REQUIRED ACTION:
Give every line of the records exactly, please, from the first up to and including the one containing "SAINT LAURENT Size".

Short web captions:
• • •

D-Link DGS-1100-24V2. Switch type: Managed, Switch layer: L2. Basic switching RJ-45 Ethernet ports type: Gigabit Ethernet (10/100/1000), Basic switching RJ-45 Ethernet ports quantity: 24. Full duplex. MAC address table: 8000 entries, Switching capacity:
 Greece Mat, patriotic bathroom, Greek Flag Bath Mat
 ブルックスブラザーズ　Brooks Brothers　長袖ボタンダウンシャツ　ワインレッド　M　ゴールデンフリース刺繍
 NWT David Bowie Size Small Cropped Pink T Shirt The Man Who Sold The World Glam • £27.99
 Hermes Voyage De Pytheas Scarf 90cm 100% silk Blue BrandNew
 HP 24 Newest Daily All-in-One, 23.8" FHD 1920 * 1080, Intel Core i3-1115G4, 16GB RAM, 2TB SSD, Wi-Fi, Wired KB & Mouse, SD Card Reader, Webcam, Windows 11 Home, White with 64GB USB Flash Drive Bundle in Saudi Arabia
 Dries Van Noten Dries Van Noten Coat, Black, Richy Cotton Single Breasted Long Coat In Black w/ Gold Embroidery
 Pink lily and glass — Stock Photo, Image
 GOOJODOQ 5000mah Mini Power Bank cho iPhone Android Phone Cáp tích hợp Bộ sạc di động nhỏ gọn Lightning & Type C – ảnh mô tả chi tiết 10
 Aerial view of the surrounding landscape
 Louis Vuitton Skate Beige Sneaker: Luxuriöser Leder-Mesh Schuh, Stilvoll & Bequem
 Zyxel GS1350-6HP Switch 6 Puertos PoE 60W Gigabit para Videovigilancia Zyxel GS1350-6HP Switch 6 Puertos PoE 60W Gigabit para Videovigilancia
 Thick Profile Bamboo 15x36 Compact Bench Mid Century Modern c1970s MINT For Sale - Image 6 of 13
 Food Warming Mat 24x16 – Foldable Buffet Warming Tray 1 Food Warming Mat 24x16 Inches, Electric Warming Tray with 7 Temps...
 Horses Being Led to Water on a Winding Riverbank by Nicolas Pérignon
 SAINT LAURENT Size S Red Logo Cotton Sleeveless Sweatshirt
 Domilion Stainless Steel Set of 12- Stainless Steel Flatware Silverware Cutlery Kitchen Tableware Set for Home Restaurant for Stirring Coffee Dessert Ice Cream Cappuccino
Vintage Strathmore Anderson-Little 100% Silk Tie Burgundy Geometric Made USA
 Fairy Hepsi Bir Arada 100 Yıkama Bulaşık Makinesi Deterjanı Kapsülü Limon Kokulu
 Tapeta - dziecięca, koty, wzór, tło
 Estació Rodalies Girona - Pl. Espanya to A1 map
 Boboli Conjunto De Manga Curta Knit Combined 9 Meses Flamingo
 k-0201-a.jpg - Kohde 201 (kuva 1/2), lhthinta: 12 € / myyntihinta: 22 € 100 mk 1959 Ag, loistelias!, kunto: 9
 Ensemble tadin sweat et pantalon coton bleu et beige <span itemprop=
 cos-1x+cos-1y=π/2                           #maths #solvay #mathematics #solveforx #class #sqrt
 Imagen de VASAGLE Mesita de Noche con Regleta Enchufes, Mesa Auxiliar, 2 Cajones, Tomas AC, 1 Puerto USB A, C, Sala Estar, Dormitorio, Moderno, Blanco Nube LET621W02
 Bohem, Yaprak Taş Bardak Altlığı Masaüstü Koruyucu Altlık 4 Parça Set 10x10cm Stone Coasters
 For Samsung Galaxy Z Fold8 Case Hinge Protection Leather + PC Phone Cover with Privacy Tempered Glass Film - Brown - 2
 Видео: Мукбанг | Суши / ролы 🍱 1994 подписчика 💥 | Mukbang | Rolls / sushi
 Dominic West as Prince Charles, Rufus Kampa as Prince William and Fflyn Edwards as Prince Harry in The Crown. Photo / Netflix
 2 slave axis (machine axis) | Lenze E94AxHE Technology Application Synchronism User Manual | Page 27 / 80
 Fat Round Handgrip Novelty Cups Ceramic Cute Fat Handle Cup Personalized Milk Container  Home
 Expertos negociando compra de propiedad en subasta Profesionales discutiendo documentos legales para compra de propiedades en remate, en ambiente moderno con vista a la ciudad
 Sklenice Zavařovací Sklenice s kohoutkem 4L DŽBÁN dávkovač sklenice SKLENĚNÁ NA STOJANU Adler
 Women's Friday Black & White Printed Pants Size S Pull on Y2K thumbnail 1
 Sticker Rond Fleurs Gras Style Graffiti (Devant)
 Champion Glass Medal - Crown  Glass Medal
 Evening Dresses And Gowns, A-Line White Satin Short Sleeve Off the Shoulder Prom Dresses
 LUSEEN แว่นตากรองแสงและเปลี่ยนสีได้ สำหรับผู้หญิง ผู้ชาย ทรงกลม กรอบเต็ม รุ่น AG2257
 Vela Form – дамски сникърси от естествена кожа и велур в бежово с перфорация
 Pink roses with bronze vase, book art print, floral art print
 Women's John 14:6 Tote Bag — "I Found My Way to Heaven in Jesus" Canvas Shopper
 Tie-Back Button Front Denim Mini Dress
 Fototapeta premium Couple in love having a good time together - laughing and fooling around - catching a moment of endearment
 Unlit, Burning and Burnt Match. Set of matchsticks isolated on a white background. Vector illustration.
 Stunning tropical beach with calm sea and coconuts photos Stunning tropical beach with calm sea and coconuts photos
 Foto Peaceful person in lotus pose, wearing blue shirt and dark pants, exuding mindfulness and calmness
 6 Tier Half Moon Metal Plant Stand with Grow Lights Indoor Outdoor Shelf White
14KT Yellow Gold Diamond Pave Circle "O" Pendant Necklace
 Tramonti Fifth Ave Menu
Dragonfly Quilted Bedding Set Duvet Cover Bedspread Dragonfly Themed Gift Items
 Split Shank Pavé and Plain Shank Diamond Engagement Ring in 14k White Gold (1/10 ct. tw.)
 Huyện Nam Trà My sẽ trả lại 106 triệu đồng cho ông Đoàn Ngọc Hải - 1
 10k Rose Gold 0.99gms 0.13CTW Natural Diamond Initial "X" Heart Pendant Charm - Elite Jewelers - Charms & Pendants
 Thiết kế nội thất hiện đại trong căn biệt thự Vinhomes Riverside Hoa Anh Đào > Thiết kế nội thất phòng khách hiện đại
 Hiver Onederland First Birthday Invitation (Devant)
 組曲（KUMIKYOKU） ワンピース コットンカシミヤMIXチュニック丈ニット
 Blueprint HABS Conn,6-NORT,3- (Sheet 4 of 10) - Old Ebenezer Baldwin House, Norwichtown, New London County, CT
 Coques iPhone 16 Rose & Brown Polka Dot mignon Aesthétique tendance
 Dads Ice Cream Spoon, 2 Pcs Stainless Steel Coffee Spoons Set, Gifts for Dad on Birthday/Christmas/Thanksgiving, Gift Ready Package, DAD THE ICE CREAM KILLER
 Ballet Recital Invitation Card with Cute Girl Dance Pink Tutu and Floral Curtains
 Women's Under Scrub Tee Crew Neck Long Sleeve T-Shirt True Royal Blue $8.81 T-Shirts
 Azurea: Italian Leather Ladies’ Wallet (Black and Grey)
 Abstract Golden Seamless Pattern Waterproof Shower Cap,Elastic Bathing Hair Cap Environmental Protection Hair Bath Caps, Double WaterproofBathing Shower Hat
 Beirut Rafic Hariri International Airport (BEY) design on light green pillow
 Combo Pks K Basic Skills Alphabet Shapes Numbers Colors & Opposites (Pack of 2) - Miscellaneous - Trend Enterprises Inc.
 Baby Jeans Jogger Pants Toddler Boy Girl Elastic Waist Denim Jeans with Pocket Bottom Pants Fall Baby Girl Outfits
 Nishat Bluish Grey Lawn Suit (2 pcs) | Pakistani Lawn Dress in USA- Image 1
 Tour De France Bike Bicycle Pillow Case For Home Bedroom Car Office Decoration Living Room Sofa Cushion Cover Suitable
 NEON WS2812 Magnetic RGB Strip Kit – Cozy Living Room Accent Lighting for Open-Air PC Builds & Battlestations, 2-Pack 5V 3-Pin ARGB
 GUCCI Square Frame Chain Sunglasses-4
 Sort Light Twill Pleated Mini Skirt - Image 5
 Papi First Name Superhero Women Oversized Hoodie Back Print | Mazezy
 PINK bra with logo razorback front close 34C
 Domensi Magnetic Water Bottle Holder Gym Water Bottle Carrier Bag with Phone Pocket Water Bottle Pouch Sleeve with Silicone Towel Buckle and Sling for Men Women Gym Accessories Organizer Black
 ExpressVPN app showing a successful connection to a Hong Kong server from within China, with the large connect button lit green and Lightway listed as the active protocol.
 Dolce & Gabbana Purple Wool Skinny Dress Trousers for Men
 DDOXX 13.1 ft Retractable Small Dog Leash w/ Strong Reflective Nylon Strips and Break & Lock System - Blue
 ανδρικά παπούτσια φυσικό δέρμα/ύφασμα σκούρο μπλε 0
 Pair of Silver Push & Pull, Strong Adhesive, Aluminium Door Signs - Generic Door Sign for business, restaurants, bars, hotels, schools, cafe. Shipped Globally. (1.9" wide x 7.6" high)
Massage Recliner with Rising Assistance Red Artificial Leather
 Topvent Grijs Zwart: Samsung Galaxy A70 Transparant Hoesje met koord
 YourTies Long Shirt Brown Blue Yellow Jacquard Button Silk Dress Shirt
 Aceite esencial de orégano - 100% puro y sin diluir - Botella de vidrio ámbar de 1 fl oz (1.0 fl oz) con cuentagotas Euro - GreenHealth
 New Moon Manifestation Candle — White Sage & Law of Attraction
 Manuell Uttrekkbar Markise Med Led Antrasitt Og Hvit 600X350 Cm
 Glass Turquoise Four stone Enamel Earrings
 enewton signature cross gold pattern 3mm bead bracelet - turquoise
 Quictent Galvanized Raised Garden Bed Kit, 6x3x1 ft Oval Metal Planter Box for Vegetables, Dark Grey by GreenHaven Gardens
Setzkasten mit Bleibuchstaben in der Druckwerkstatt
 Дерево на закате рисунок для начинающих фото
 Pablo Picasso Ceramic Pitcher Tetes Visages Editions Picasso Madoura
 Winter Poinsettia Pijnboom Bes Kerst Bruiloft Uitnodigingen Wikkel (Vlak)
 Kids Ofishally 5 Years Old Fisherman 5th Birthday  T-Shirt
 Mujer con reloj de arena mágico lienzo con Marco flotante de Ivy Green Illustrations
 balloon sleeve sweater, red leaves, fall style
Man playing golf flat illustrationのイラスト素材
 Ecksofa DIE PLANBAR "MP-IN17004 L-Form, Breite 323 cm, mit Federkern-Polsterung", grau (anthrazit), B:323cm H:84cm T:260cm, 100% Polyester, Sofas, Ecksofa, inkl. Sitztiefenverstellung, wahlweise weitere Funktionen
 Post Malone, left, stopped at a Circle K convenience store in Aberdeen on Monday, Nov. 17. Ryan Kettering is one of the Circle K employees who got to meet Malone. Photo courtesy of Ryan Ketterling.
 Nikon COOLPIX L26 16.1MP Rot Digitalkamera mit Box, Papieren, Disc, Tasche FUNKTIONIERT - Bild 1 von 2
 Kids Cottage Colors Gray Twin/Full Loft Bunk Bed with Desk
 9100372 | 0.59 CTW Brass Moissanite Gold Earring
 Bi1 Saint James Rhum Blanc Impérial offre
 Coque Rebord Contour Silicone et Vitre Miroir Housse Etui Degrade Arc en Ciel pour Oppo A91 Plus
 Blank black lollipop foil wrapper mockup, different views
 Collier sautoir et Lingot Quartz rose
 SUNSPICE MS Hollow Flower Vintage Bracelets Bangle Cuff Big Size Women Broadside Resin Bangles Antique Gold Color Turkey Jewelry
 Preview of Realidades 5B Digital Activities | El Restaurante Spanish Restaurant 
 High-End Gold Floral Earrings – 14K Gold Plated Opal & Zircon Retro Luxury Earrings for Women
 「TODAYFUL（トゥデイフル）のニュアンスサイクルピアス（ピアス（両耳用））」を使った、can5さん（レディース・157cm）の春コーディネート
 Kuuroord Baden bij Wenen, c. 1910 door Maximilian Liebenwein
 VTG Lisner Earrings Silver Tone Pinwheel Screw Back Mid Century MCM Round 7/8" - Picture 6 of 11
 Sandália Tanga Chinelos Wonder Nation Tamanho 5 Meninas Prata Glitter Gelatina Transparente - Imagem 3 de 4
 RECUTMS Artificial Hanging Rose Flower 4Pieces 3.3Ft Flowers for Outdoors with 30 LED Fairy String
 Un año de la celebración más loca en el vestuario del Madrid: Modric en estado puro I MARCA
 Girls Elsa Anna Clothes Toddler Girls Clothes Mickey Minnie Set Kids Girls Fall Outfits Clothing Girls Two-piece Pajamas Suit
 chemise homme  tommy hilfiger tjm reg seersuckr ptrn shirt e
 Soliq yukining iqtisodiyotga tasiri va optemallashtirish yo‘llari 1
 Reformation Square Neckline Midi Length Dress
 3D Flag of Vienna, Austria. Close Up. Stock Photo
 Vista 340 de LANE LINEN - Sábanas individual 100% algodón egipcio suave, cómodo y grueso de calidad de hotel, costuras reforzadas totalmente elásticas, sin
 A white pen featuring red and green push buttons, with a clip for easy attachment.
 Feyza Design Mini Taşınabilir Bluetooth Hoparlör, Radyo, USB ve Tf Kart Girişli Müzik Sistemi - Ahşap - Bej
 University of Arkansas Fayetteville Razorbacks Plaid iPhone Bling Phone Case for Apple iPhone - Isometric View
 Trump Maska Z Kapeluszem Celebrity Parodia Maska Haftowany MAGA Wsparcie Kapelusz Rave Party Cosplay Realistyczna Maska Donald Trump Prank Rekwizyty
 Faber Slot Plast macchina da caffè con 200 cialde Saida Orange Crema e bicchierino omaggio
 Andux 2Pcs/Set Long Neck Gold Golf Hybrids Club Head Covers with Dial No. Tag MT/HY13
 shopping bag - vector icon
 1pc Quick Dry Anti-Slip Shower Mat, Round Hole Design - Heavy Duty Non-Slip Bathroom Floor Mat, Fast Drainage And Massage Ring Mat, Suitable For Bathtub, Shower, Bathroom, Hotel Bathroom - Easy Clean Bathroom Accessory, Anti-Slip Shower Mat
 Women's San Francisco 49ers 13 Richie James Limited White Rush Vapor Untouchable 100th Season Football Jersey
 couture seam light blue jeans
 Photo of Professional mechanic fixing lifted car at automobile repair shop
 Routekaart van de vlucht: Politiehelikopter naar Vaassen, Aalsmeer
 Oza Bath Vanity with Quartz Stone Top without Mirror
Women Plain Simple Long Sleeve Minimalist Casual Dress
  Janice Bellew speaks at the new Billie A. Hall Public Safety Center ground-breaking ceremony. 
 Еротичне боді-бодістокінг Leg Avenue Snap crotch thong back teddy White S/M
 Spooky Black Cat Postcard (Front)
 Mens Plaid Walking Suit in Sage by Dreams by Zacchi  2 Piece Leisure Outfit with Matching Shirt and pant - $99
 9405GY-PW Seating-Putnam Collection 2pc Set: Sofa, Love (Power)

• • •

ANSWER TO THE PROBLEM:
D-Link DGS-1100-24V2. Switch type: Managed, Switch layer: L2. Basic switching RJ-45 Ethernet ports type: Gigabit Ethernet (10/100/1000), Basic switching RJ-45 Ethernet ports quantity: 24. Full duplex. MAC address table: 8000 entries, Switching capacity:
 Greece Mat, patriotic bathroom, Greek Flag Bath Mat
 ブルックスブラザーズ　Brooks Brothers　長袖ボタンダウンシャツ　ワインレッド　M　ゴールデンフリース刺繍
 NWT David Bowie Size Small Cropped Pink T Shirt The Man Who Sold The World Glam • £27.99
 Hermes Voyage De Pytheas Scarf 90cm 100% silk Blue BrandNew
 HP 24 Newest Daily All-in-One, 23.8" FHD 1920 * 1080, Intel Core i3-1115G4, 16GB RAM, 2TB SSD, Wi-Fi, Wired KB & Mouse, SD Card Reader, Webcam, Windows 11 Home, White with 64GB USB Flash Drive Bundle in Saudi Arabia
 Dries Van Noten Dries Van Noten Coat, Black, Richy Cotton Single Breasted Long Coat In Black w/ Gold Embroidery
 Pink lily and glass — Stock Photo, Image
 GOOJODOQ 5000mah Mini Power Bank cho iPhone Android Phone Cáp tích hợp Bộ sạc di động nhỏ gọn Lightning & Type C – ảnh mô tả chi tiết 10
 Aerial view of the surrounding landscape
 Louis Vuitton Skate Beige Sneaker: Luxuriöser Leder-Mesh Schuh, Stilvoll & Bequem
 Zyxel GS1350-6HP Switch 6 Puertos PoE 60W Gigabit para Videovigilancia Zyxel GS1350-6HP Switch 6 Puertos PoE 60W Gigabit para Videovigilancia
 Thick Profile Bamboo 15x36 Compact Bench Mid Century Modern c1970s MINT For Sale - Image 6 of 13
 Food Warming Mat 24x16 – Foldable Buffet Warming Tray 1 Food Warming Mat 24x16 Inches, Electric Warming Tray with 7 Temps...
 Horses Being Led to Water on a Winding Riverbank by Nicolas Pérignon
 SAINT LAURENT Size S Red Logo Cotton Sleeveless Sweatshirt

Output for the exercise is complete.